Up bright and early thanks to inadequate curtains, we were
ready for action! We invested in monthly underground train passes and were
extremely smug about this (til later that day when we learned that not all
underground lines belong to the same company…) And then off we zoomed. First
stop: Shibuya!
Shibuya is a central Tokyo neighbourhood that’s home to the
famous busy street crossing you always see in films. Viewing it from above in
the Shibuya Starbucks is a quintessential tourist experience and we duly
grabbed it. Afterwards, we pottered around Shibuya, hunting for a Time Out
Tokyo magazine, and buying Roz a cute school satchel at the ridiculously
beautiful stationery department of Parco, a big department store. Soon we were
in Yoyogi Park, a lovely public park filled with cherry blossoms, lawns, ponds,
and people having picnics. After randomly popping into NHK News (the equivalent
of the BBC) to see a little photography exhibition, we walked around the park,
then popped out at Harajuku, an area famous for a shrine plus lots of young
people hanging out wearing ridiculous costumes. Alas the young people were
probably all in school when we visited but we walked down the main street where
they buy lots of their clothes, which was fun, and ended up in Omotesando. This
is a posh area with fancy shops and boutiques, and charming trendy cafes. And
home to something I feared in my heart I would be deprived of for the next few
years: avocado toast! It was very, very good. As were the baked-on-the-spot
madelines with which we washed it down. We were very proud of our morning’s
accomplishments!
We spent the afternoon walking to and then exploring
Shinjuku Gyoen Park. This is a special landscaped Japanese Garden and of course
we have already grown to love them. Just as well, since Tokyo has an abundance.

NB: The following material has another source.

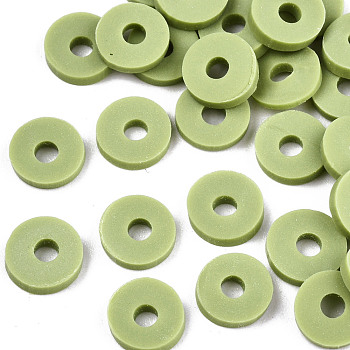 Handmade Polymer Clay Beads, for DIY Jewelry Crafts Supplies, Disc/Flat Round, Heishi Beads, Light Green, 6x1mm, Hole: 2mm, about 1175pcs/50g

However, Shinjuku Gyoen is one of the most famous, so we braced ourselves for
the admission fee. Oh, 70p. Unexpected. We were entirely enchanted by this
really beautiful park (though sadly their carp didn’t jump as they did in Hiroshima),
and particularly as the cherry blossoms were still out, bathing the whole place
in a glorious pink carpet. We kept trying to leave but then telling each other
‘oh, but it’s so lovely… let’s explore just one more corner!’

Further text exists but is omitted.